Both are fair comments. At this precise point in time I don't care. The name is... what the game is. Perhaps that'll change in the next few months, but right now I can't imagine the game being called anything else. I'd be interested to hear how others feel about it - presuming anyone reads these.

Zoom and Rotate
One of the biggest things I'm battling against at the moment is the complexity of building a game with no fixed axis of movement or rotation. The whole universe can spin around you, planets rotate, satellites rotate around those, and you can stand on all of them and jump from one to the other. It's bonkers.

However - with all this fun comes potential nausea and a great deal of difficulty in maintaining a meaningful view of what's going on.

If I don't auto-rotate the camera, jumping on the leaves of a crystal-tree while upside-down feels quite... unnerving.

If I do auto-rotate the camera there's a strange sense of vertigo and a constant feeling that there's no 'up'. That's because there isn't one.

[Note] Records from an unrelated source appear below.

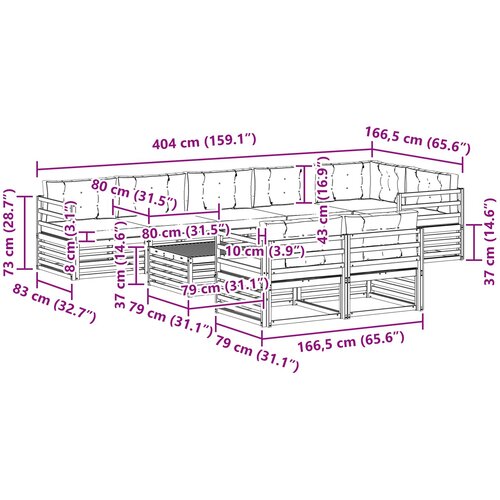  Set vanjskih sofa 9 kom. Bijela i bež 79 x 79 x 37 cm Slike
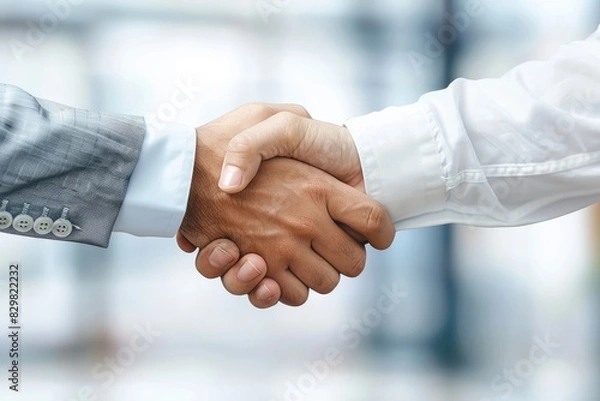Obraz Two business professionals shaking hands firmly, signifying a successful partnership and mutual agreement in a corporate setting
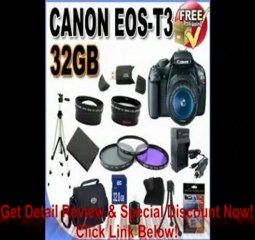 Download Video: Canon EOS Rebel T3 12.2 MP CMOS Digital SLR with 18-55mm IS II Lens (Black)+58mm 2x Telephoto lens + 58mm Wide Angle Lens (3 Lens Kit!!!) W/32GB SDHC Memory +Extra Battery/Charger+3 PIece Filter Kit+Case+Full Size Tripod+Accessory Kit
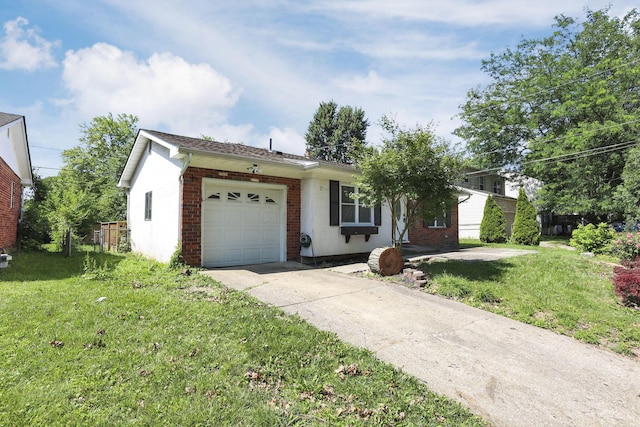 1615 Coronet Dr, Columbus, OH 43224 - single story home featuring a garage, driveway, a front lawn, and brick siding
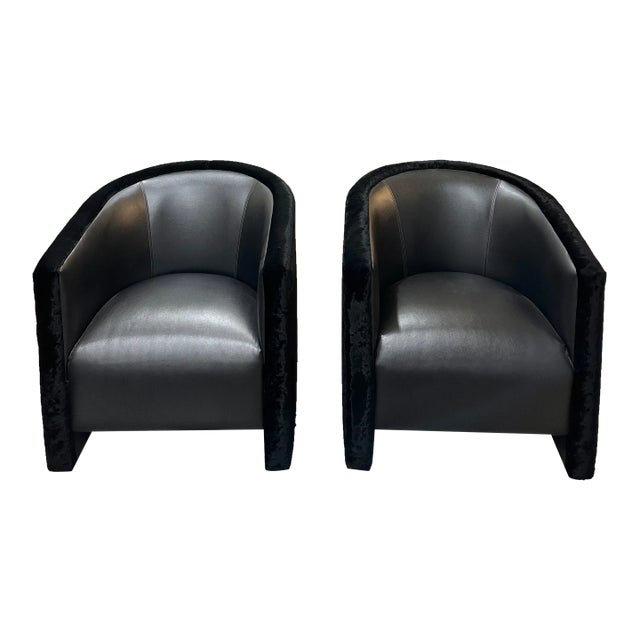 Mid 20th Century Mid-Century Modern Pair of Black Velvet and Vinyl Club Chairs For Sale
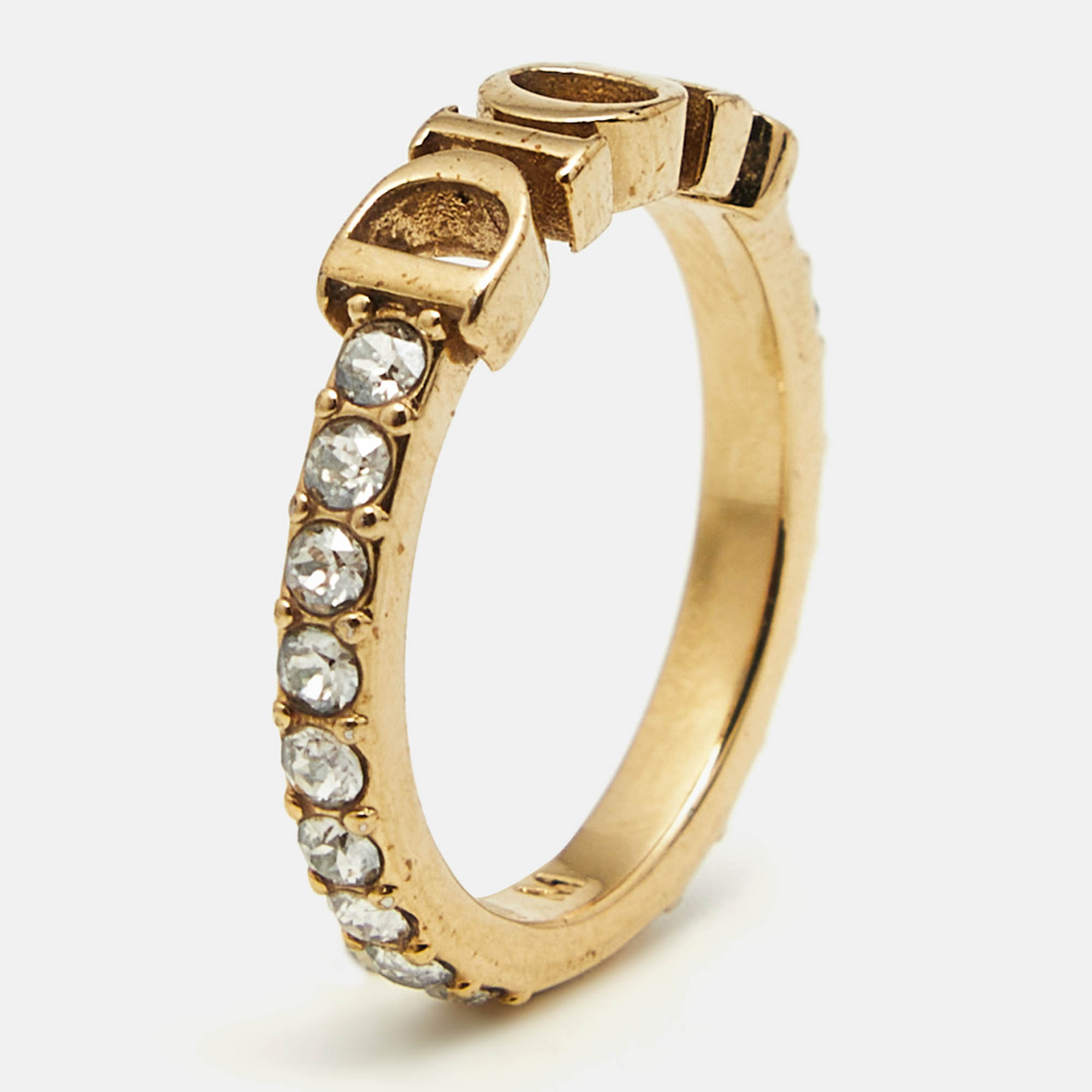 

Christian Dior Dio(R)evolution Crystals Gold Tone Ring SIze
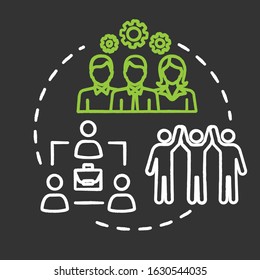 Corporate strategies chalk RGB color concept icon. Competition target. Progress from collaboration. Building company idea. Vector isolated chalkboard illustration on black background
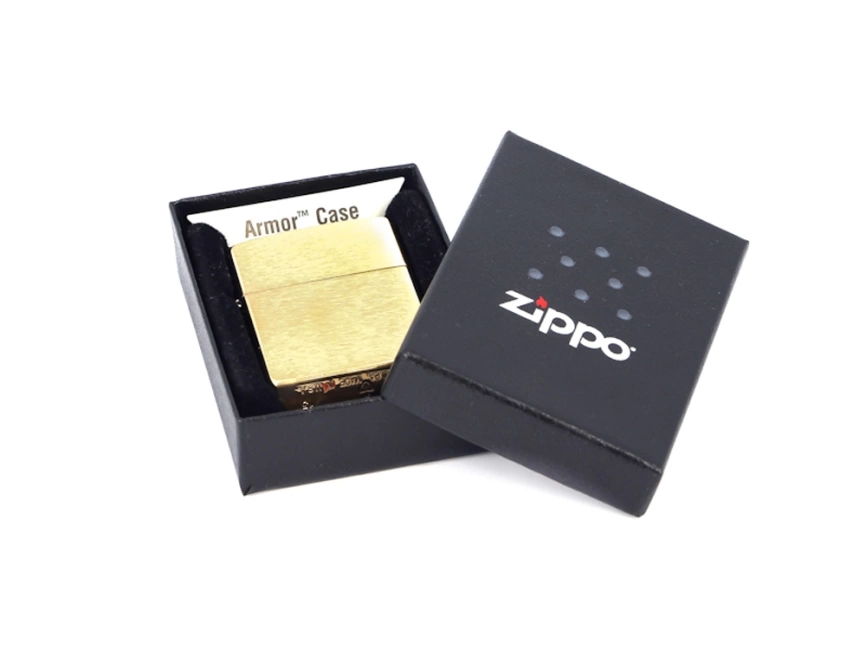 Зажигалка ZIPPO Armor™ с покрытием Brushed Brass, латунь/сталь, золотистая, матовая, 38x13x57 мм фото 5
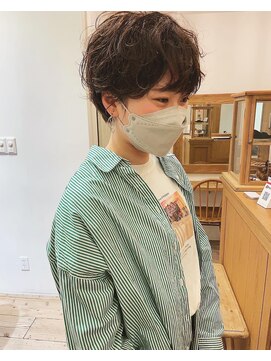 サンプラス(san+) 【柏原良亮】ニュアンスパーマ×マッシュショート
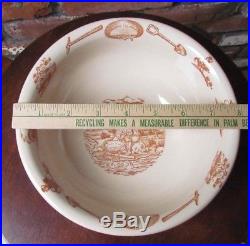 Vintage 49er Wallace China Serving Bowl Western Americana Pioneer Gold Miner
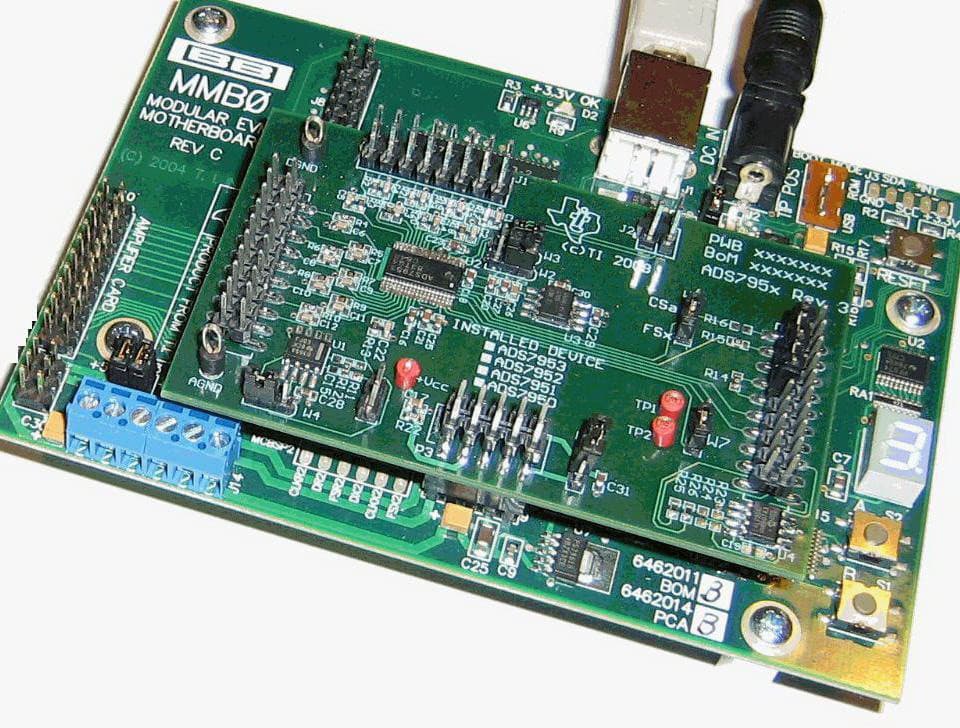 ADS7957EVM-PDK, Evaluation board for the ADS7957, 10-Bit, 1MSPS, 16CH ADC for Data Acquisition System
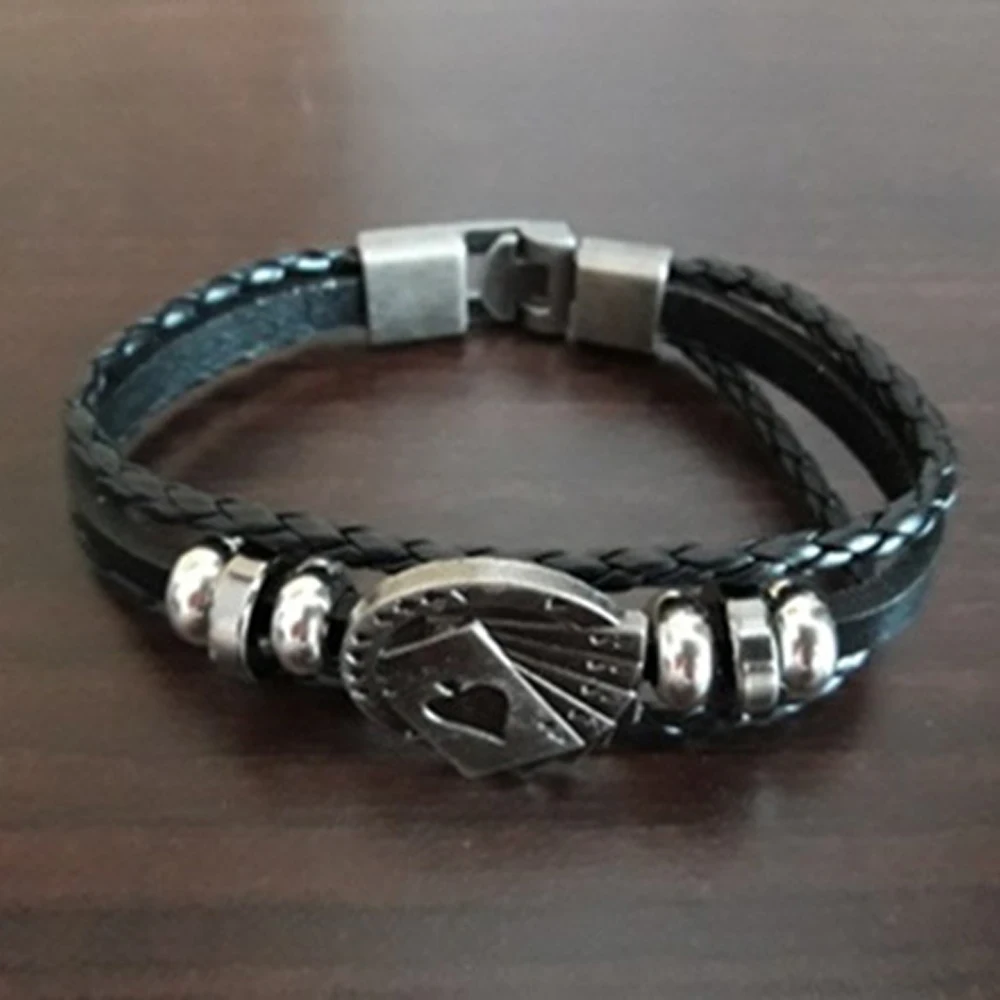 Men Leather Bracelets Vintage Lucky Poker Card Stars Bar Charm Multilayer Strand Bracelet Male Jewelry Gift Sell Like Hot Cakes
Men Leather Bracelets Vintage Lucky Poker Card Stars Bar Charm Multilayer Strand Bracelet Male Jewelry Gift Sell Like Hot Cakes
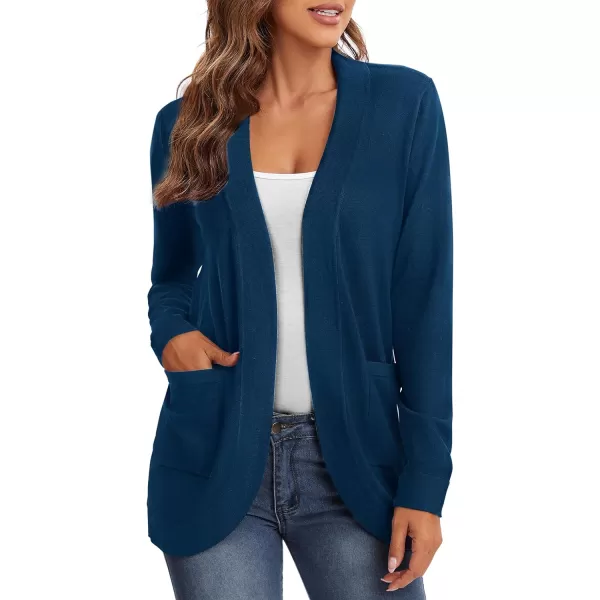 Urban CoCo Womens Long Sleeve Knit Sweater Cardigans Curved Hem Open Front with PocketsIndigo Blue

I'm thinking of allowing players to choose their own axis of movement at any time, but also leery of the fact that this adds yet another level of complexity into the controls of an already complex game.

I added zooming out/in today, and it looks fantastic. With any luck it'll go part-way toward fixing the issue.

Next Up...
The next task is to get AIs into the game. Like everything else in this game, there are no off-the-shelf solutions to navigation, and the fact that there's no clear axis of movement will make everything more difficult. So - by next blog, my aim is to have AIs wandering around and able to interact with the player-character. Then it's time for catacombs.

Never Neverland
As a final note, I'm also aware that what I'm trying to do is stupidly ambitious, and that most people fail miserably when they attempt something this big on their own. But then, if people didn't have a go the world would be so dull.